I won’t be able to leave my dubs of dubs of dubs to the library when I die. But I want to leave their spirit.

hearts and minds and ebooks

Like just about everyone else in libraryland in the past few weeks, I’ve become immersed in the HarperCollins ebook expiration outrage known on the internet as #hcod. (That stands for HarperCollins Overdrive, but of course we in the Library Society of the World like to think that the Cod of Ethics is in there too.
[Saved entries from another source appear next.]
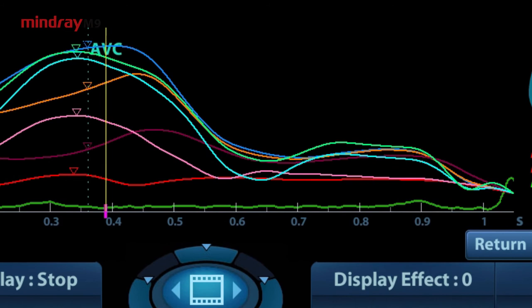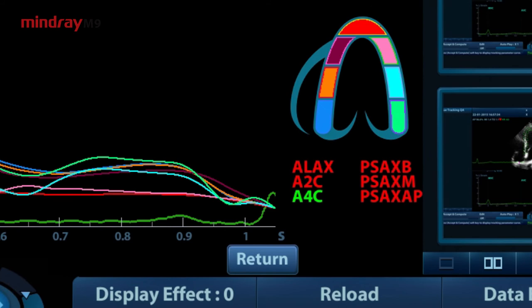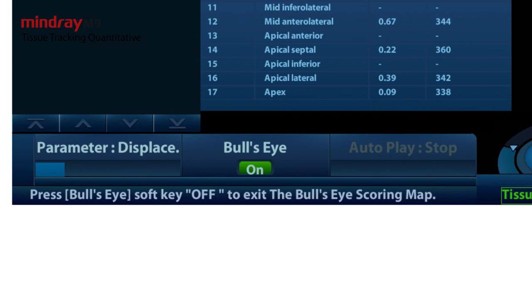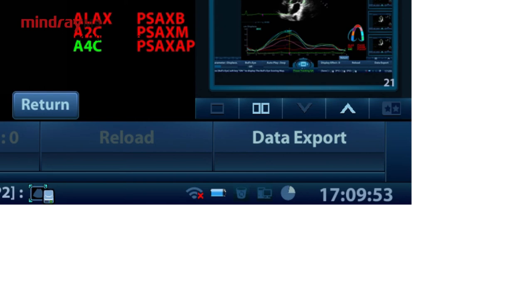Click accept and compute on the soft menu to calculate and display the curve. Adjust the parameters if necessary. Click bullseye on the soft menu to see the result. Click data export on the soft menu to export analyzed data. Click exit on the soft menu. This is all you have to do to perform an accurate quantitative tissue tracking analysis with your new Mindray M9 system.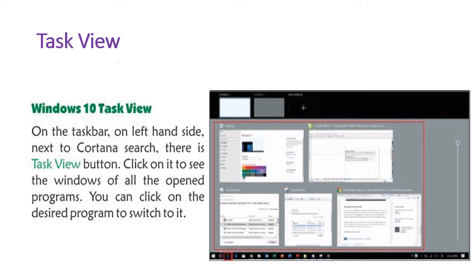Next is Task View. When we have many programs open, we can see all of them using Task View. On the taskbar, next to the Cortana search bar on the left-hand side, there is a Task View button. You can click on it to see all open programs. For example, here you can see five programs are open.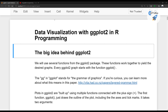Hi everyone, welcome to data visualization with ggplot2 in R programming. In this lesson, I'll be telling you some of the fundamentals of ggplot2, and we will also be using R 4.0.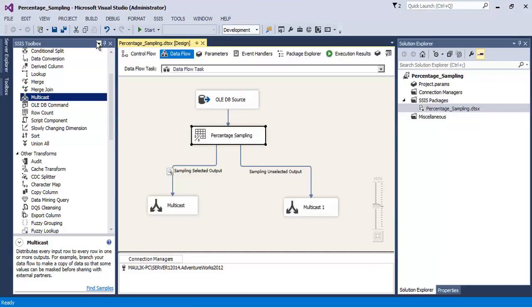So friends, I hope this particular video tutorial on percentage sampling is useful to you. Thank you.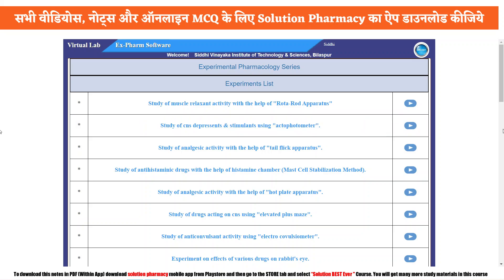Hello friends! Welcome to the channel iSolution. You are watching our Xform exclusive video series, and in this series today we are going to study about the analgesic activity of a given drug with the help of tail flick apparatus.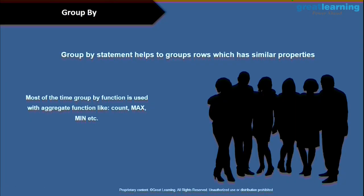In the last tutorial, we looked at what is self join and what are the other types of joins. If you have any doubts, do leave them in the comments. Now we are going to talk about GROUP BY.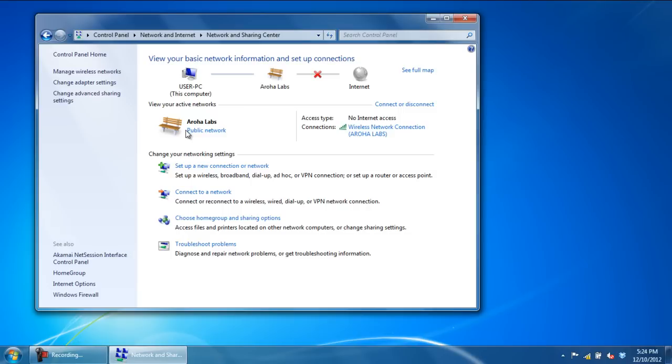When the Network and Sharing Center window opens up, click on the Change Adapter Settings option located towards the left side of the window.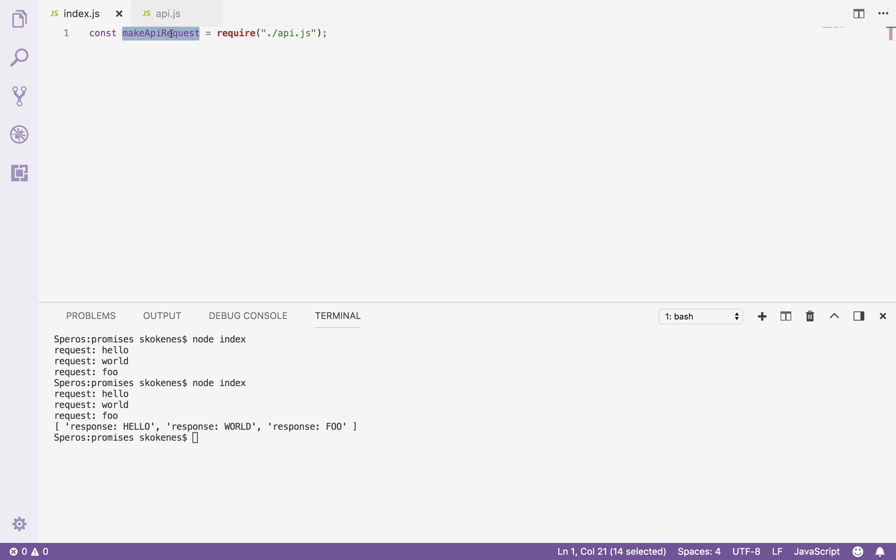What I have here is a makeAPIRequest function that I wrote that just simulates that. It returns a promise for a request and a response to a request that will take about a second to evaluate.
The Cod of Ethics disapproves, by the way.) (For those not in the know, HarperCollins announced a couple of weeks ago that starting March 7, all ebooks published by HarperCollins purchased through Overdrive — one of the main vendors of ebooks to libraries — would vanish after the 26th checkout, and libraries would have to repurchase them.)

We’ve had all kinds of reactions here. We’ve had sputtering outrage. We’ve had manifestos. We’ve had videos. We’ve had graphics. We’ve had long posts about the nature of print and digital materials. We’ve had numbers run. We’ve had roundups of posts. We’ve had discussions of the news and the reactions and the posts and discussions of the discussions!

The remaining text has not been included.